Carl Christian Vogel von Vogelstein

Carl Christian Vogel von Vogelstein (26 June 1788, Wildenfels, Electoral Saxony – 4 March 1868, Munich), born Vogel, was a German painter.

Carl Christian Vogel von Vogelstein (Portrait by Friedrich von Amerling, 1837)

Life

Son of the child and portrait painter Christian Leberecht Vogel, Vogel was trained early in life by his father. From 1804 he visited the Kunstakademie in Dresden, where he copied many paintings in the Gemäldegalerie and also produced the first of his own portraits.

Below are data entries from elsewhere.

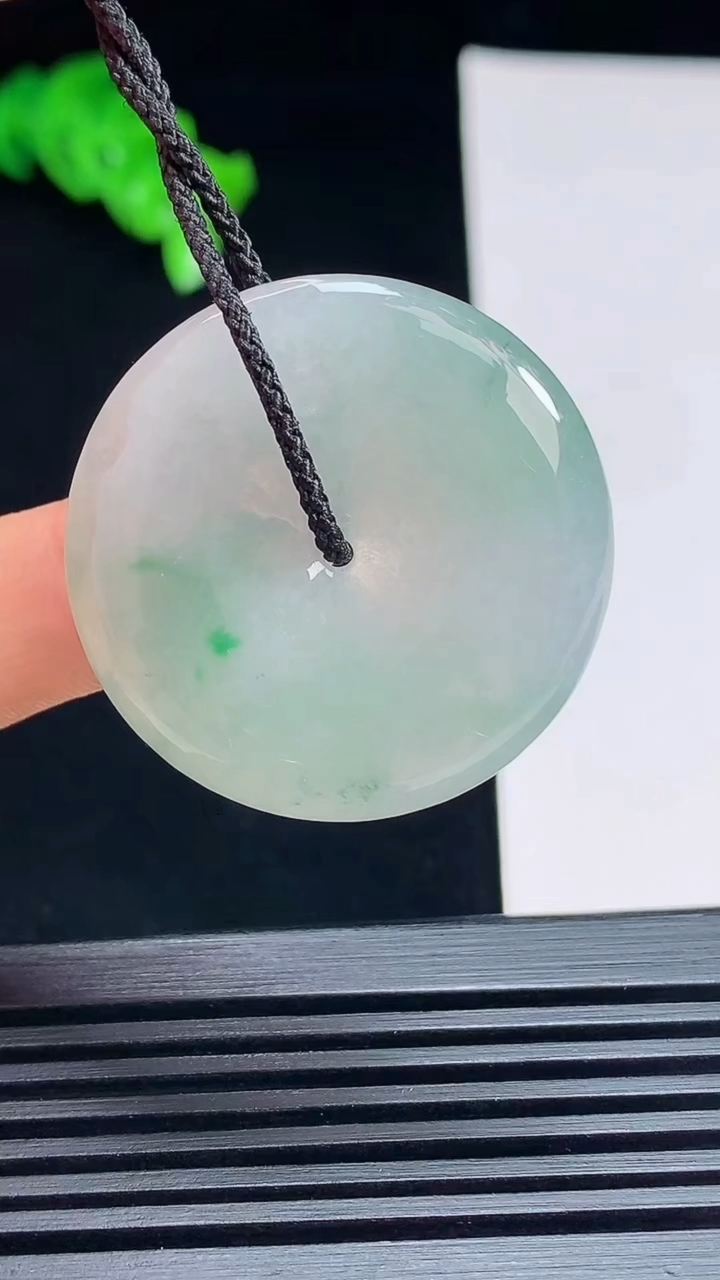 天然A货翡翠平安扣吊坠，尺寸32-5.5 重量:12.38g
7月15日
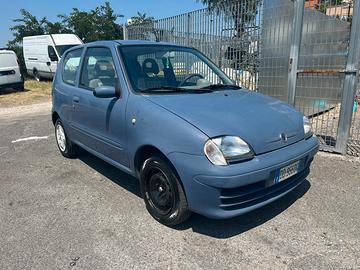 FIAT 600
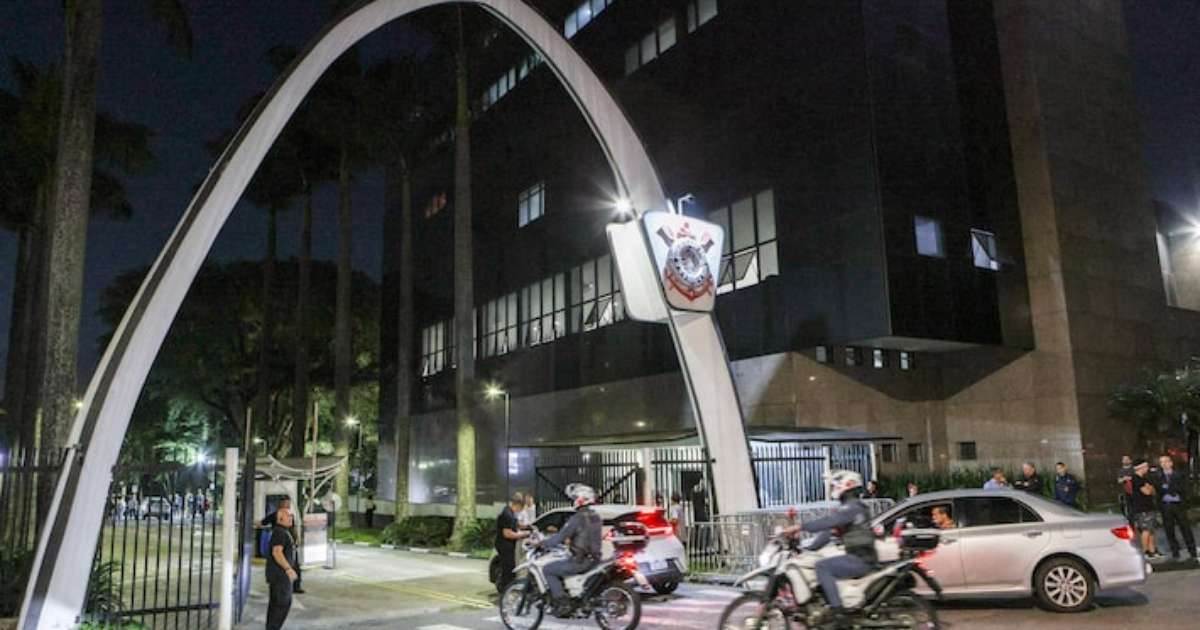 Alerta vermelho! Novo transfer ban da Fifa impede Corinthians de registrar novos atletas.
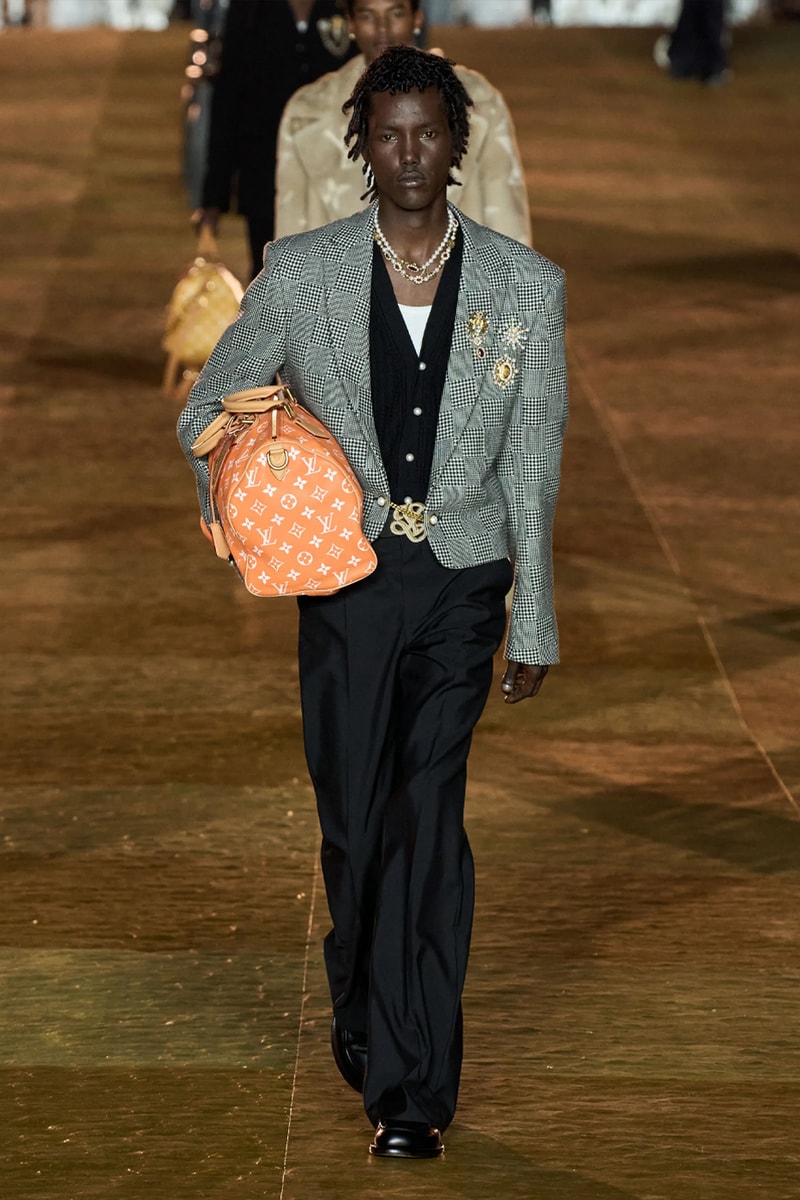 まさにスペクタクル！ ルイ・ヴィトン2024年春夏でファレルデビュー　Pharrell's SS24 Louis Vuitton Debut Was Nothing Short of a Spectacle Paris fashion week pont neuf jay z beyonce rihanna asap rocky asap ferg pusha t verdy pharrell williams maluma jbalvin lewis hamilton fenty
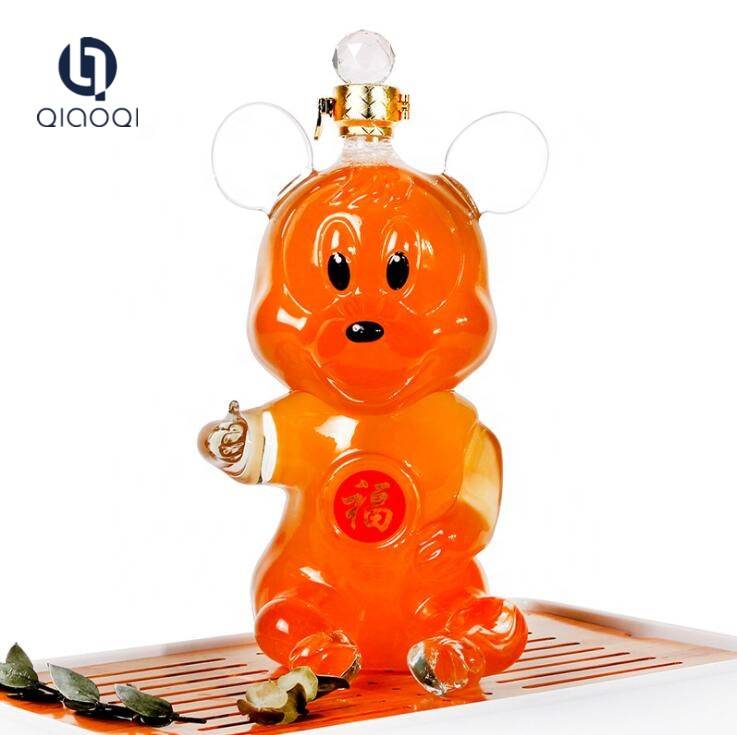 Hot Sale Craft Gift Animal Mickey Mouse Shaped Glass Decanter Wine Bottle
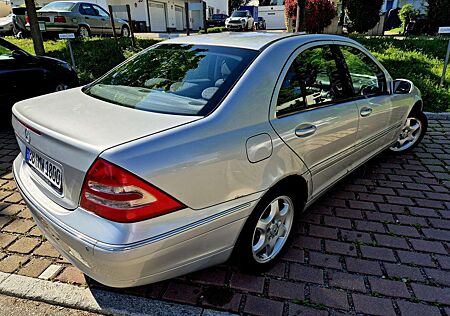 Mercedes-Benz C 180 Kompressor (203.046)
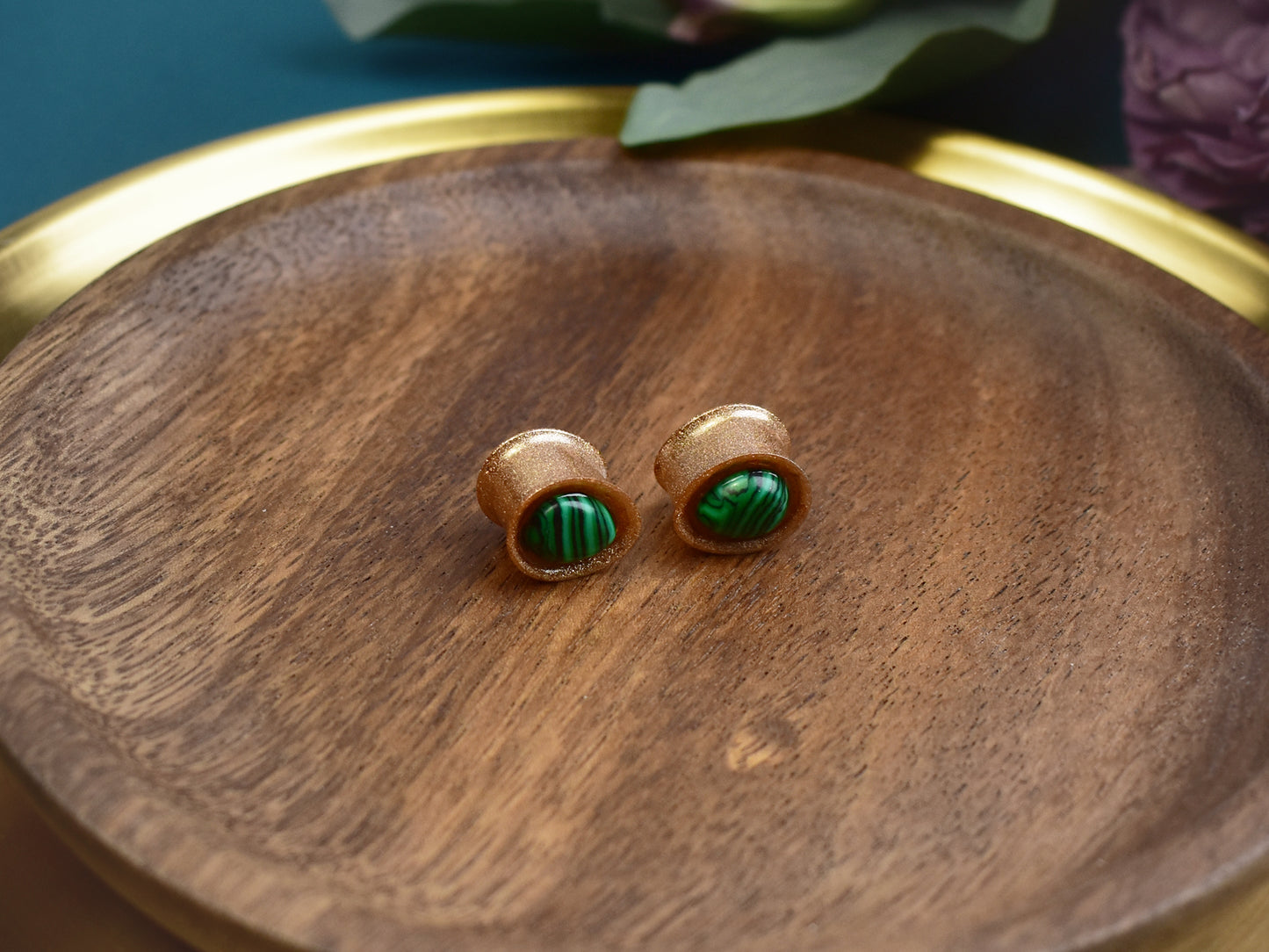 Złote plugi do uszu 12mm z malachitem | Łezki | Para Spirit Of Copper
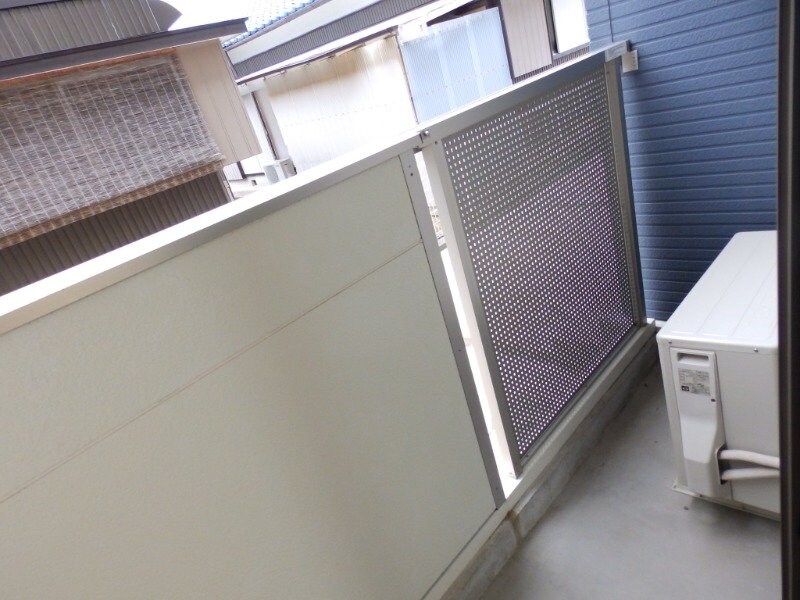 物件内観写真16　(同型反転部屋写真です。)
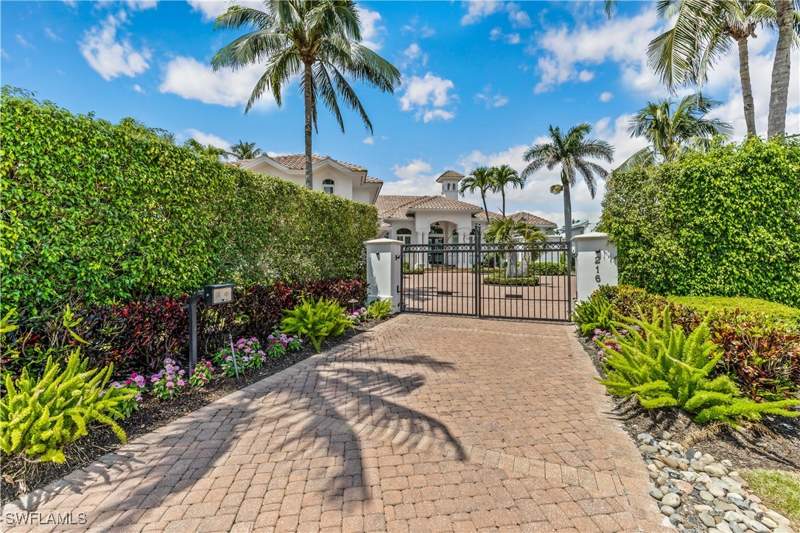 4 bedroom SingleFamilyResidence at 216 Spring Line Dr, Moorings, Naples — photo 2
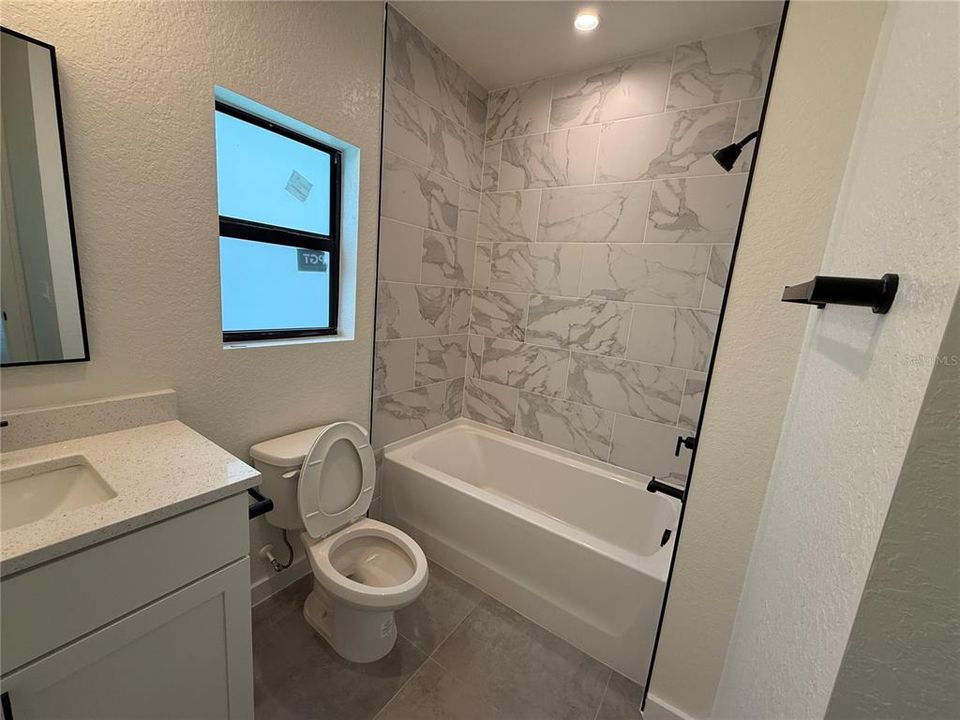 For Rent: $2,050 (3 beds, 2 baths, 1706 Square Feet)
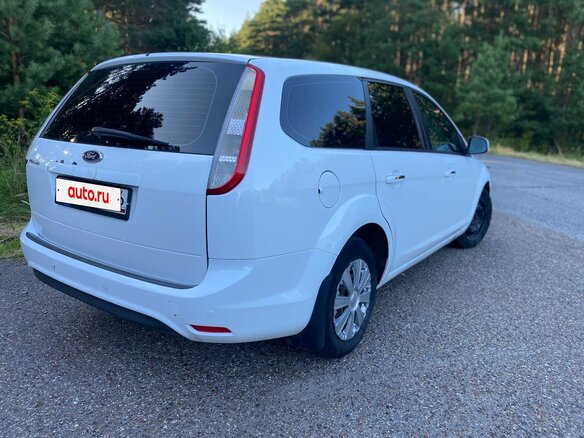 2010 Ford Focus II Рестайлинг, белый, 450000 рублей - вид 6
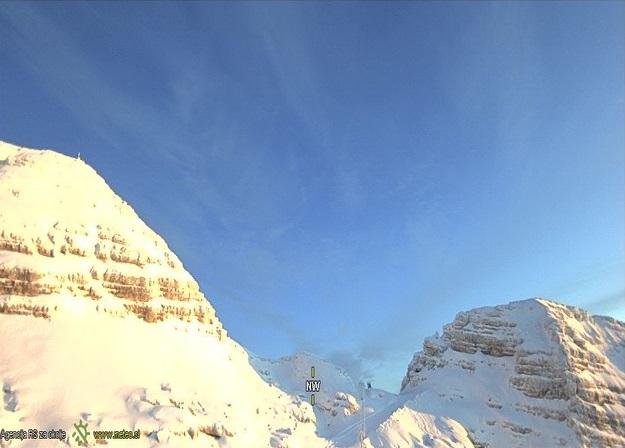 Jutranji prizor na s soncem obsijanem Kaninu. FOTO: Arso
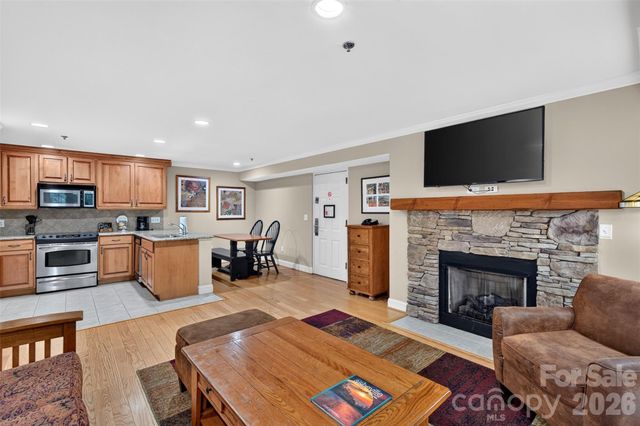 325 Bowling Park Road, Asheville, NC 28803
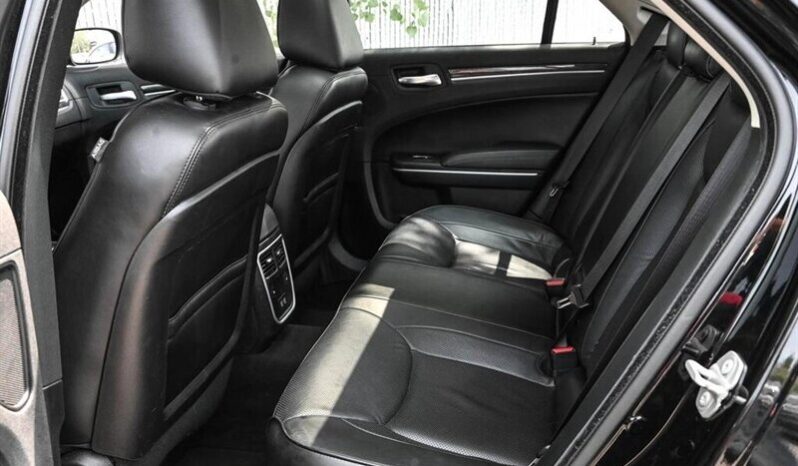 
								2023 Chrysler 300 Series Touring L full									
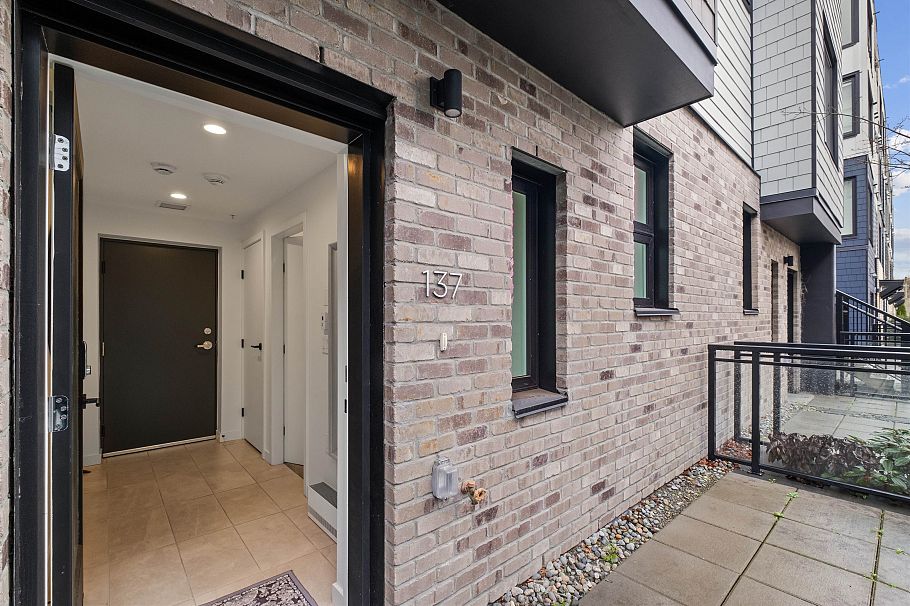 137 535 E 2nd Street North Vancouver, BC - 2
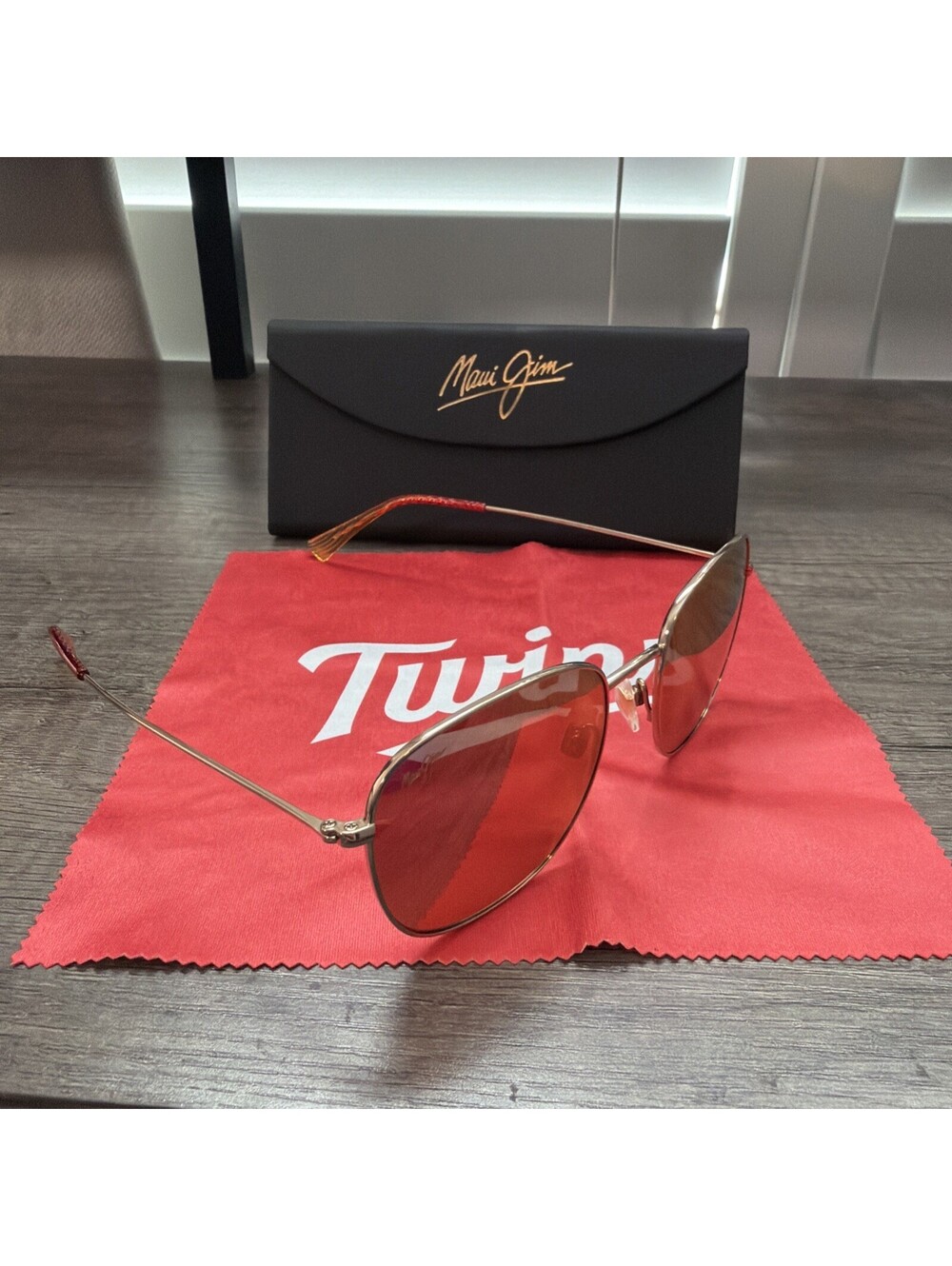 Maui Jim Sunglasses Square Polarized Sunglasses MJ0657SA 004 Minnesota Twins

In 1807 he replied to an invitation from Baron von Löwenstern, whose children he had taught in Dresden, to come to Dorpat in Livonia. In 1808 he moved to Saint Petersburg, where he set up a studio in the princely and successfully worked producing portraits of nobles and diplomats.

In 1812 Vogel was finally rich enough to make a long-desired grand tour to Italy, stopping off at Berlin and Dresden on the way, where he painted his parents and Franz Pettrich. From 1813 to 1820 he lived in Rome, where many German artists were active at that time. He tried to run a middle course between the classicising and romanticising schools then prevailing there, with a style of his own closely drawing on that of Raphael Mengs. In Italy he copied a large number of paintings and wall paintings by the old masters. On later journeys he further augmented his collection of copies and in 1860 published a catalogue of them.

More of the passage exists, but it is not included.